* [Data shown]:
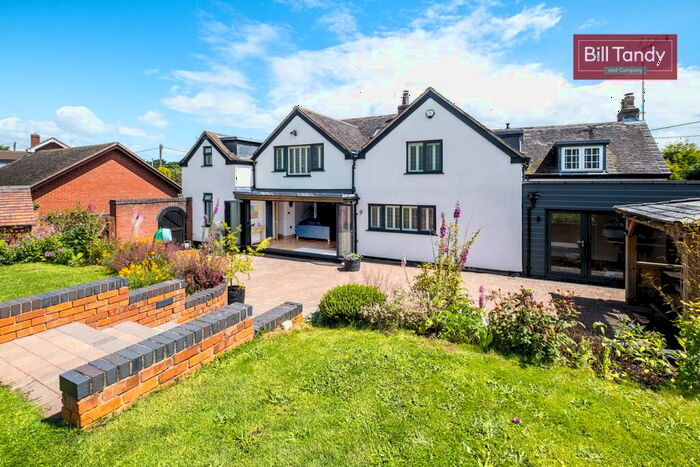 5 Bedroom Detached House For Sale In School Lane, Hopwas, Tamworth, B78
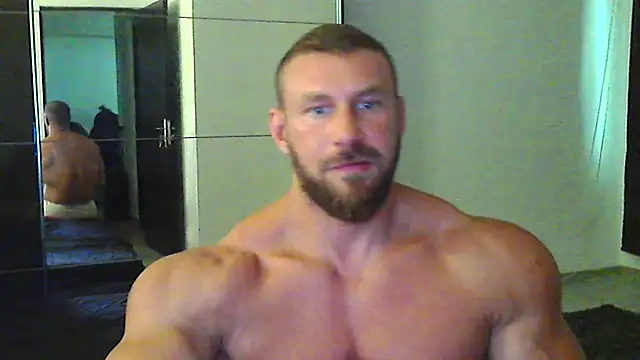 Snapshot of muscularkevin chatting on July 9, 2026, 1:21 pm muscularkevin online show from July 9, 2026, 1:21 pm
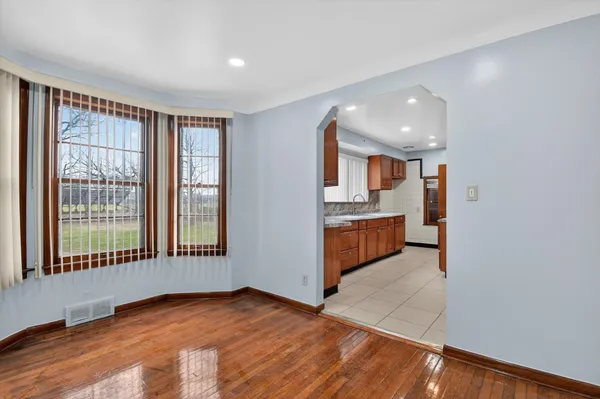 $250,000 | 18759 Huntington Avenue, Harper Woods, MI 48225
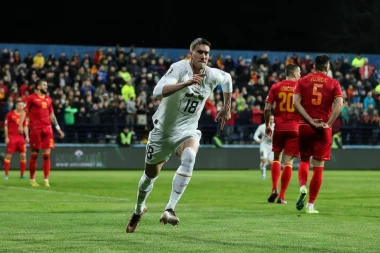 VLAHOVIĆ SRUŠIO CRNU GORU: Srbija se provukla u Podgorici (VIDEO)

* [Task statement]:
Set down all of the material above exactly as written, leaving the pictures out.

* [Solved problem]:
 5 Bedroom Detached House For Sale In School Lane, Hopwas, Tamworth, B78
 Snapshot of muscularkevin chatting on July 9, 2026, 1:21 pm muscularkevin online show from July 9, 2026, 1:21 pm
 $250,000 | 18759 Huntington Avenue, Harper Woods, MI 48225
 VLAHOVIĆ SRUŠIO CRNU GORU: Srbija se provukla u Podgorici (VIDEO)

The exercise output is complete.